With the free storage tier we’re making BigQuery easier to try for a multitude of groups. For example:
- Data science students and teachers: Load your own big data and start learning how to analyze it.
- Firebase developers: Firebase can stream your data straight into BigQuery — you’ll be ready to analyze your users as soon as they act. Check out ”What’s new in Firebase (2017 )” to learn more and see what Firebase announced at Google I/O. (Note: Streaming into BigQuery is not free. Try batch loads for free ingest).
- Researchers: If you have data to share, you can do so — and your audience can instantly start querying it. BigQuery has strong Identity and Access Management (IAM) security provisions, including the ability to set a dataset as public if you want.
- Your proof of concept at work: Maybe your team already has a big data solution you can use your own data to test a workload on BigQuery. We want to make it easy for you to show your colleagues how much BigQuery can do for your company.
- Visualization: Tools like Google Data Studio can quickly connect to BigQuery, and allow you to create dashboards and visualizations with ease.
Finally, a note about free trials and free tiers. Google has two different ways for users to get access to our products for testing:
- Free trial: Google offers new users a $300 credit that expires in 12 months to use as a free trial. This trial is available to any and all Google Cloud Platform products. If you want to test a whole bunch of products on GCP, this is what you want to do.
- Free tiers are product-specific offerings of free usage for new or existing customers, and they never expire.

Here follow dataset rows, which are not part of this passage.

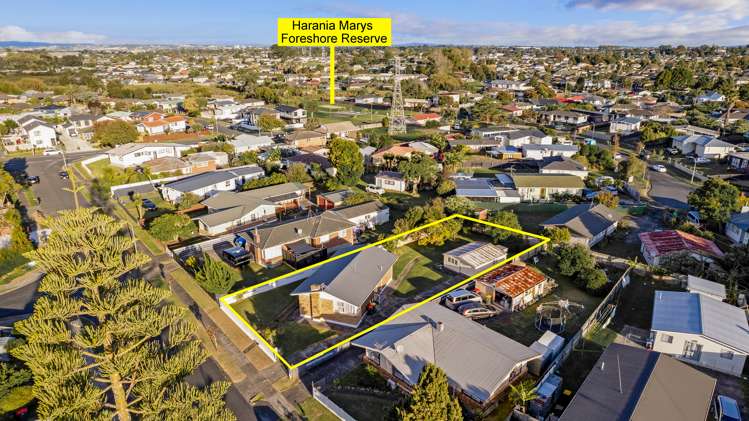 14 Quennell Avenue Favona_12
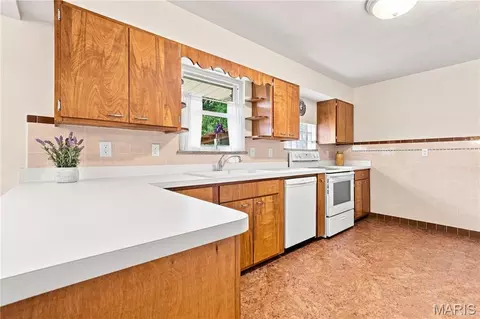 Kitchen - 21 Elannchester Dr, Manchester, MO 63011 photo 2 of 4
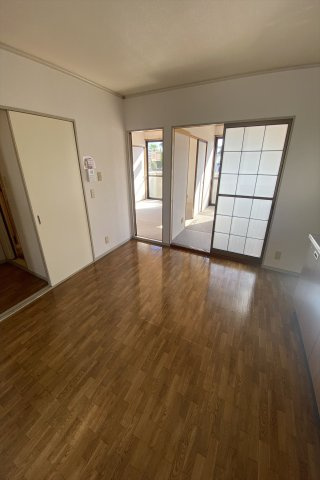 ニューレジデンスひらいわ　B棟の居間・リビング|同タイプのお部屋の参考写真です。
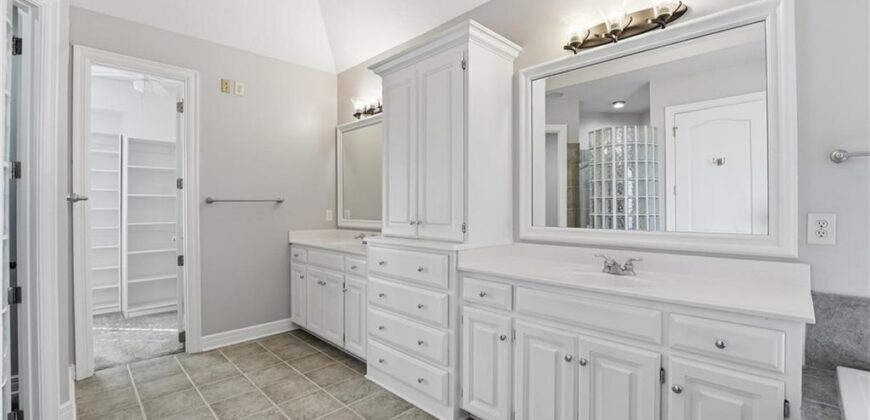 6119 S National Drive, Parkville, MO 64152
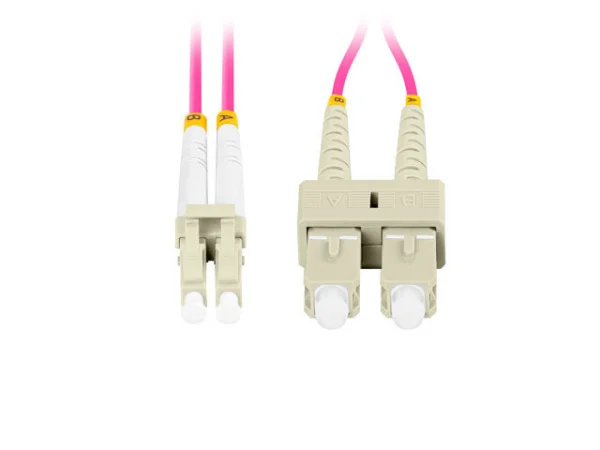 OPTICKÝ PATCHCORD MM LC/UPC-SC/UPC DUPLEX 0,5 M LSZH OM4 50/125 3,0 MM FIALOVÝ
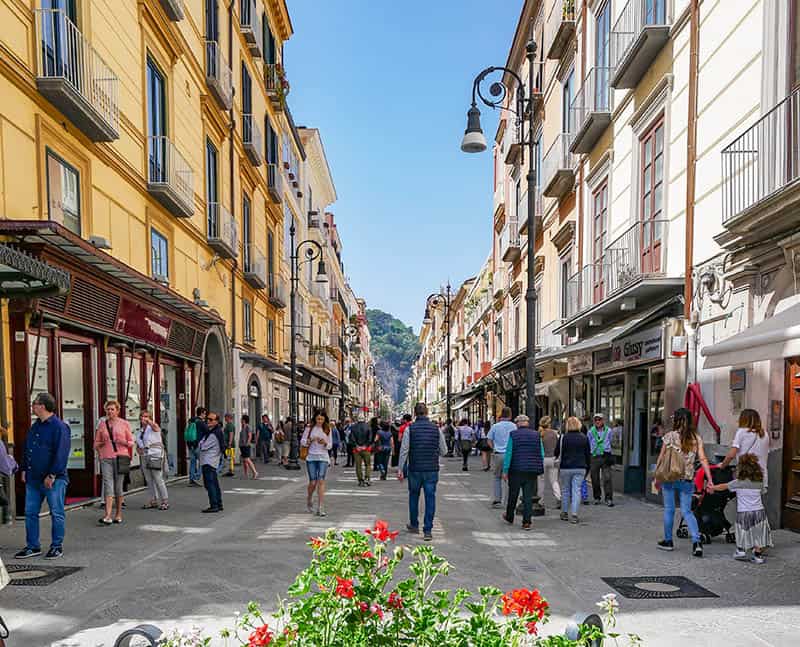 Sorrento. Stasera parte “St. Javelin”, la mostra fotografica di Julia Krahn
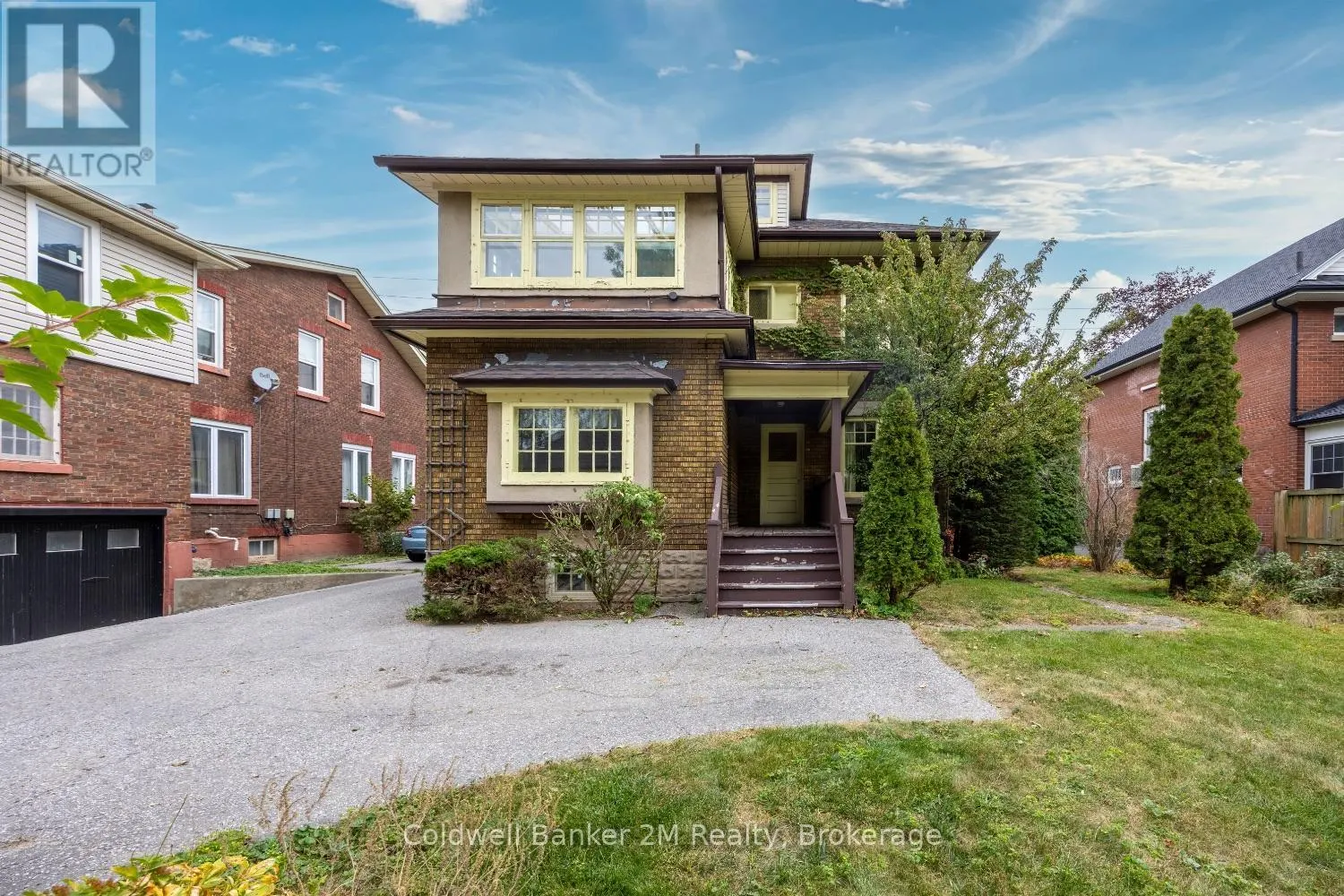 408 SIMCOE STREET N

BigQuery has two free tiers: one for storage (10GB) and one for analysis 1TB/month. So, if you keep your usage under those limits, you’ll never get charged. To prevent exceeding these limits, it is wise to monitor usage with Google Stackdriver charts and alerts; furthermore, users can put spending limits on their accounts.
So come join us — you might quickly discover why users love BigQuery so much. And if you want to tell us more, we’ll be ready to interact through Google Cloud Support and on Stack Overflow, reddit and twitter.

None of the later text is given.